Lors de la première Initiative de lutte contre la violence familiale du gouvernement fédéral (1990-1994), le ministère de la Justice du Canada s’était engagé auprès du Conseil du Trésor à mener une recherche sur la violence familiale en milieu rural. En 1996, un survol de la documentation scientifique a révélé la rareté des écrits portant sur la violence familiale et la violence faite aux femmes en milieu rural (Brookbank, 1996). Lorsque la seconde phase de l’Initiative a été reconduite, en 1996, la Division de la recherche et de la statistique du ministère de la Justice du Canada s’est engagée à nouveau à exécuter un projet de recherche plus détaillé.
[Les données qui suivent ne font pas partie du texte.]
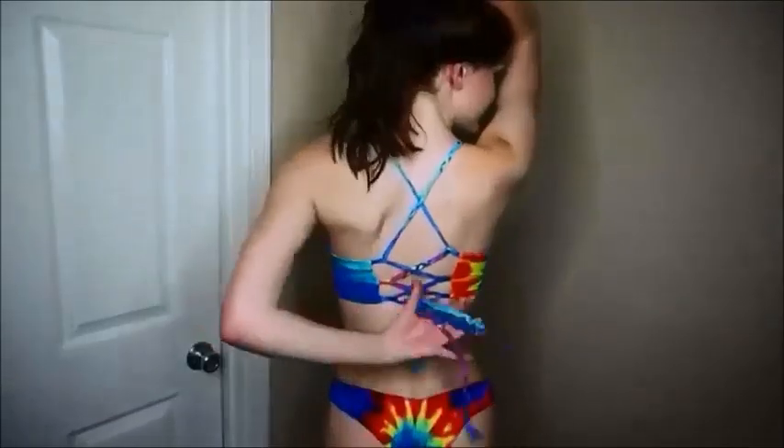I hope you guys like it — if you do, give me a big thumbs up! This first swimsuit is tie-dye and I love it so much because it's rainbow, and also because you can adjust the back of the top as tight or as loose as you'd like.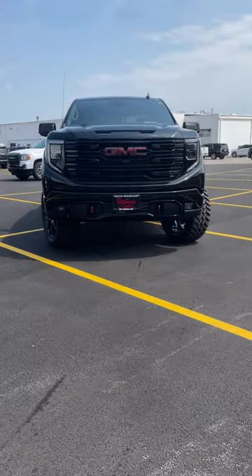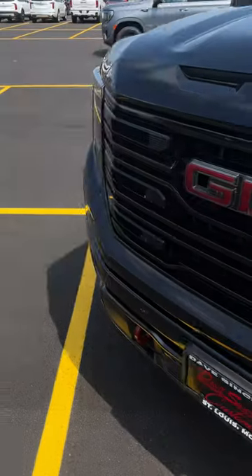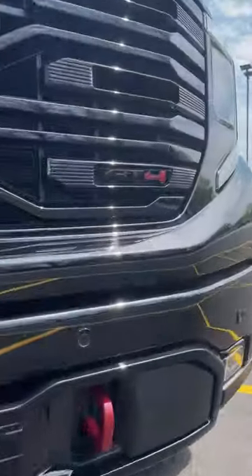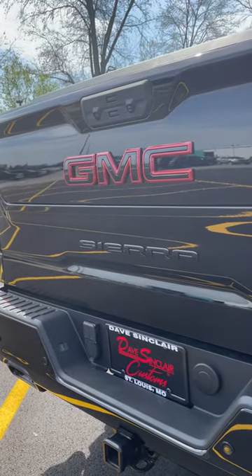While most of this truck is blacked out with a painted chrome delete, we made sure to complement the setup with the AT4 crimson red, especially when it comes to the four in the AT4 decal, back GMC emblem trimming, and the brake calipers.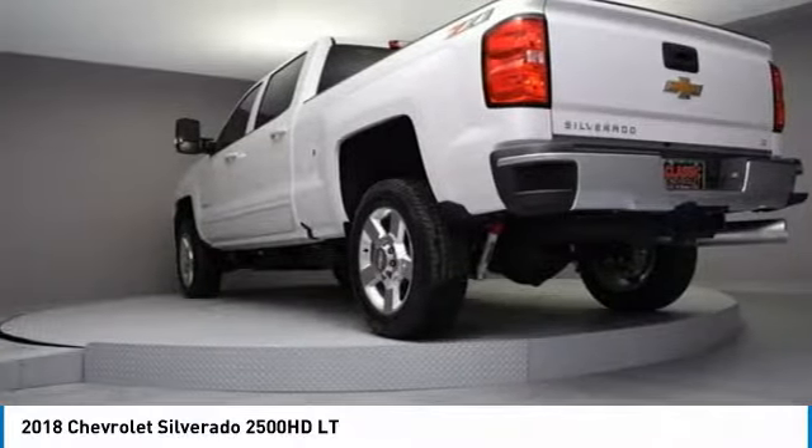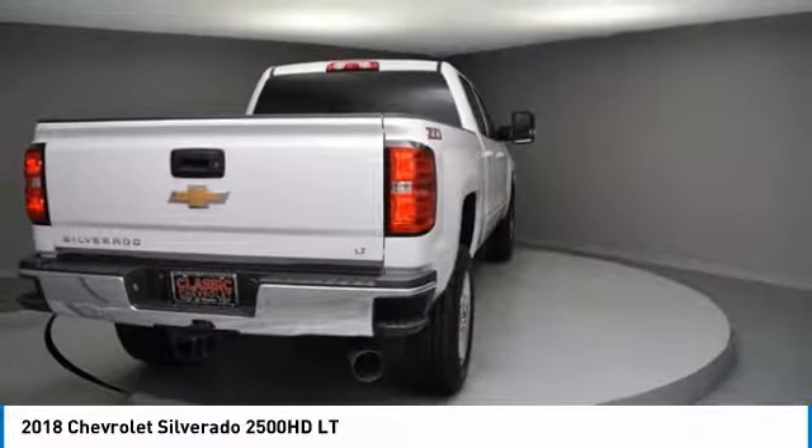A vehicle like this doesn't come along every day. Come in and get it before someone else does.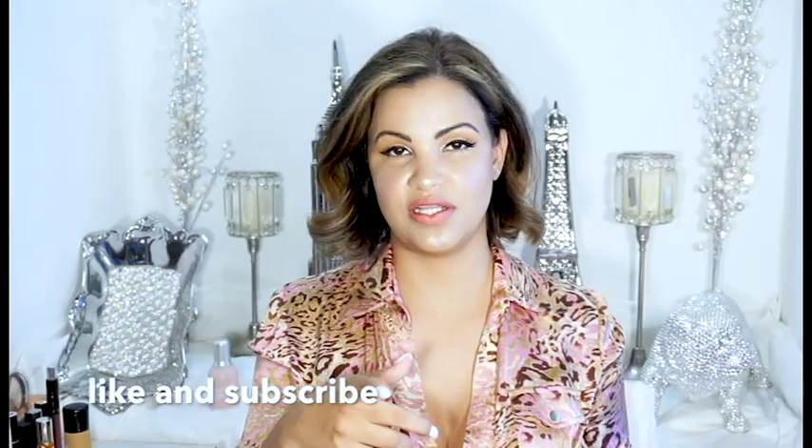Hi guys, welcome back to my channel. If you guys are watching, don't forget to subscribe and like this video if you enjoy it. Thank you so much for coming back to watch my video — I appreciate you a bunch.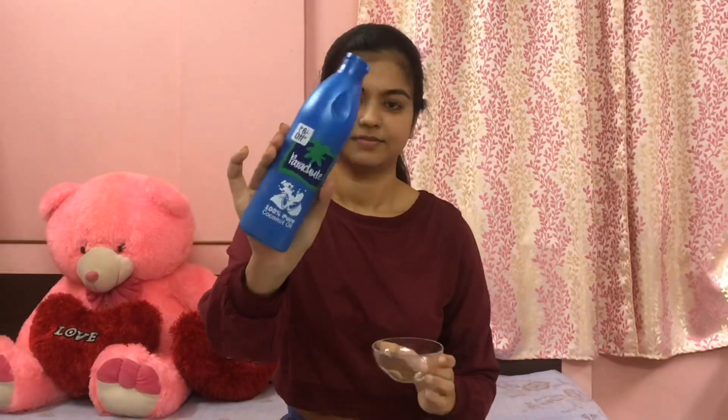For the DIY coffee scrub, I am going to take a little amount of coffee in a bowl, as you can see. And to this I will add a few drops of coconut oil — specifically I'll be using Parachute 100% pure coconut oil. I'm going to add a few drops of it.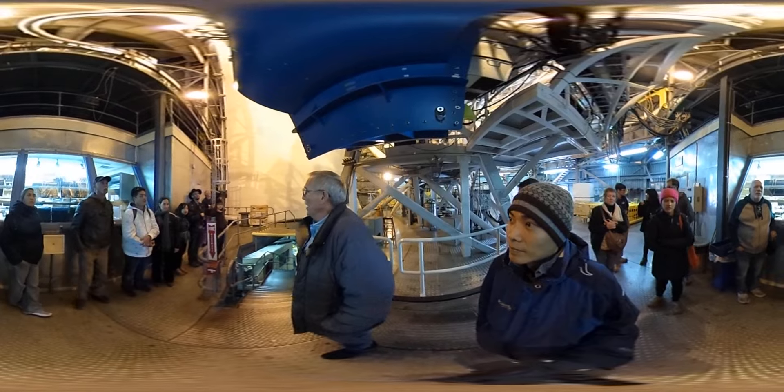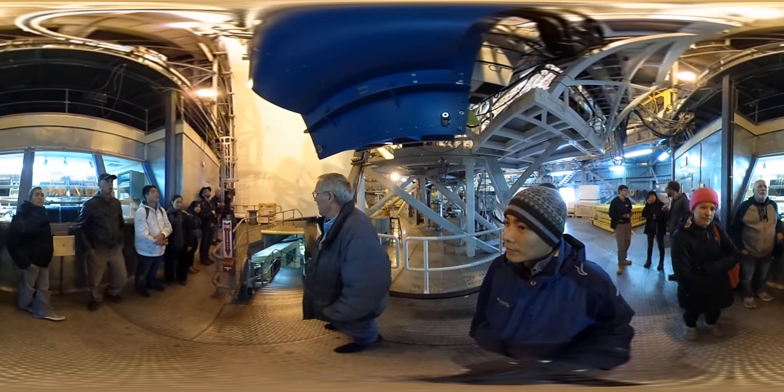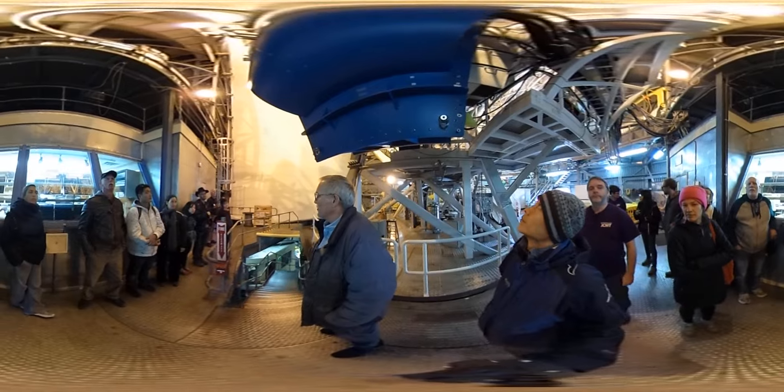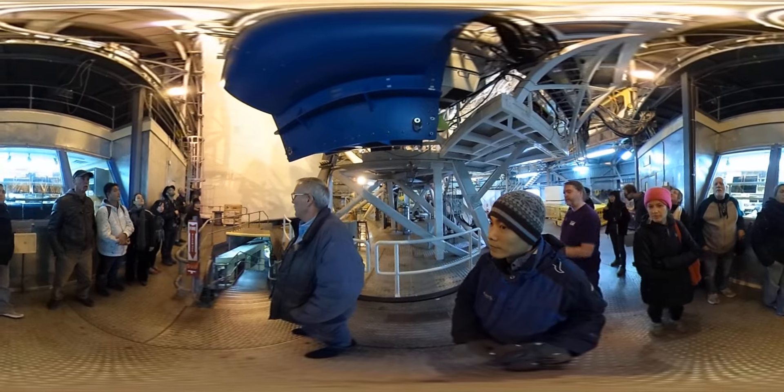The instrument above us weighs 4,000 kilos, so it weighs about the same as a Volkswagen bus. We had to rebuild the entire telescope in order to put it on. It is one of the most advanced instruments anywhere in the world, and we look back more than 12 billion light years in the past.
En 1997, le survol des publications a été mis à jour et une proposition de projet a été rédigée, mettant en lumière les lacunes de l’état actuel de la recherche, les questions à poser, les orientations à privilégier et la nécessité d’approfondir les connaissances en cette matière (Biesenthal et Sproule, 1998). C’est ainsi, grâce à un financement tiré du budget ministériel de lutte contre la violence familiale, à l’appui de la conseillère principale en matière d’égalité des sexes et à un soutien financier de Santé Canada, qu’est né un projet d’étude plus poussée sur la violence familiale et les femmes en milieu rural. Le fruit de ce travail est l’ORWAS.
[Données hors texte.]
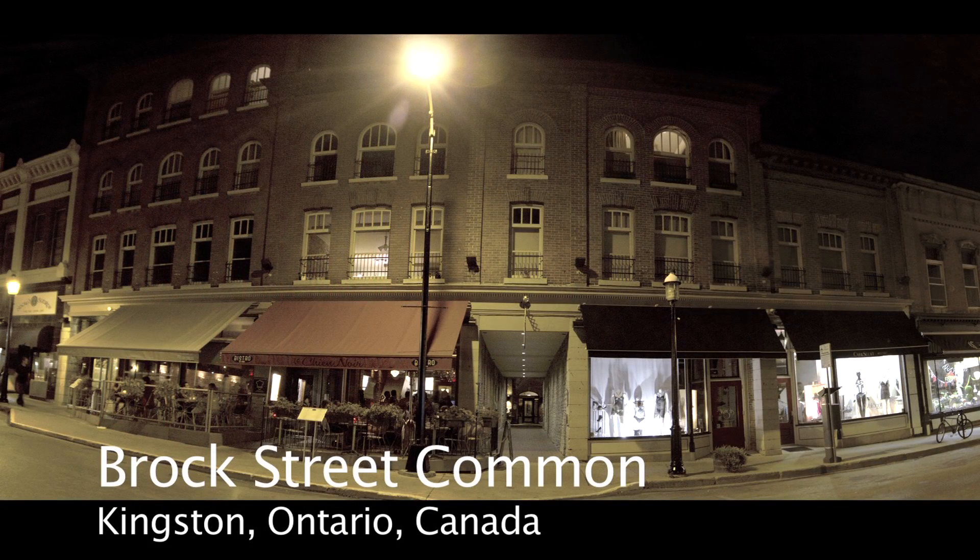The Brock Street Common is a rare investment opportunity. Please contact us for more information on the Brock Street Common.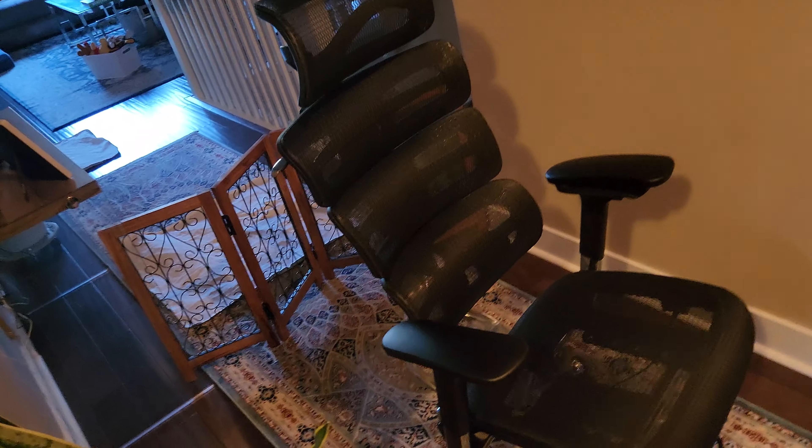So Ergo Max Model A747 — page three and four. Here's what this talks about. Adjustable lumbar support — three position lumbar support technology provides support in any sitting position. Adapts to your back, to your posture, relieving lower back pressure.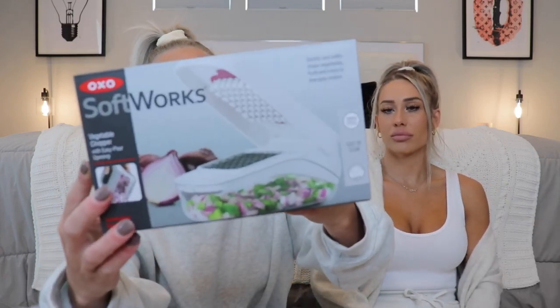Next is this kitchen gadget — the OXO SoftWorks vegetable chopper. I got this because chili season is approaching and I hate cutting onions and garlic. I love chili — it's one of my favorite fall meals: a warm bowl of chili with some cheese, cornbread, or Fritos. The chopper can handle fruit, veggies, whatever you desire.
L’ORWAS résulte d’une initiative du CAPRO (Community Abuse Program of Rural Ontario), projet communautaire de l’Ontario Farm Women’s Network et du Federated Women’s Institutes of Ontario financé par le gouvernement provincial, et du ministère de la Justice du Canada. Le projet a démarré à la fin de l’automne 1997, poursuivant un double objectif : premièrement, mieux comprendre les problèmes propres aux femmes victimes de violence en milieu rural; deuxièmement, trouver les moyens de soutien et d’intervention les plus adaptés au milieu rural, dans l’espoir de susciter un débat et des mesures concrètes au sein de la collectivité.
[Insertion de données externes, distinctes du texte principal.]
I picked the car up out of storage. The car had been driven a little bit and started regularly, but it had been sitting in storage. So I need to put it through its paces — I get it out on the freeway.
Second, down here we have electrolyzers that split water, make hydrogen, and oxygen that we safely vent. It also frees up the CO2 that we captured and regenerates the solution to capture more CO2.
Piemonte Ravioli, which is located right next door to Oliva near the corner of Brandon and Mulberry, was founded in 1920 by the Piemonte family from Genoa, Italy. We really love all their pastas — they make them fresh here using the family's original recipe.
Pour garantir l’exhaustivité et la solidité de l’analyse, nous avons eu recours à des grilles quantitatives et qualitatives. Ainsi, nous avons effectué une analyse quantitative de l’Enquête sur la violence envers les femmes menée en 1993 par Statistique Canada afin de combler le manque d’informations statistiques concernant le milieu rural (Levett et Johnson, 1998). Par ailleurs, une démarche qualitative entreprise dans le milieu a permis d’acquérir une compréhension plus profonde et «pointue» d’une réalité qui échappe à l’analyse statistique. Les démarches qualitatives ont servi à faire éclore un sentiment de solidarité permettant aux enquêteuses et aux participants et participantes de travailler de concert pour éventuellement prendre des mesures concrètes dans leur milieu (Joyappa et Martin, 1996). La méthode élaborée pour l’ORWAS a été reprise dans deux localités rurales en Colombie-Britannique (Jiwani, Moore et Kachuk, 1998). Chacune des six collectivités ayant participé à l’étude fait l’objet d’un rapport de recherche distinct : Vermilion Bay (Biesenthal et Podovinnikoff, 1998), Cochrane (Kolmeitz-Warman, 1998), Espanola (Nelder, 1998), Glengarry, Stormont et Dundas (Roosendaal, 1998), comtés de Grey-Bruce (Mann, 1998), et comté d’Oxford (Golton, 1998). À ces rapports s’ajoute une évaluation du projet de l’ORWAS (Nelder et Snelling, en cours d’impression).
[1] La définition de milieu rural fait l’objet d’un vaste débat. Pour nos besoins, nous avons retenu la définition utilisée par Statistique Canada pour «non urbain», c’est-à-dire tout territoire extérieur à une zone urbaine, une zone urbaine ayant une population d’au moins 1000 habitants et une densité démographique de plus de 400personnes par kilomètre carré.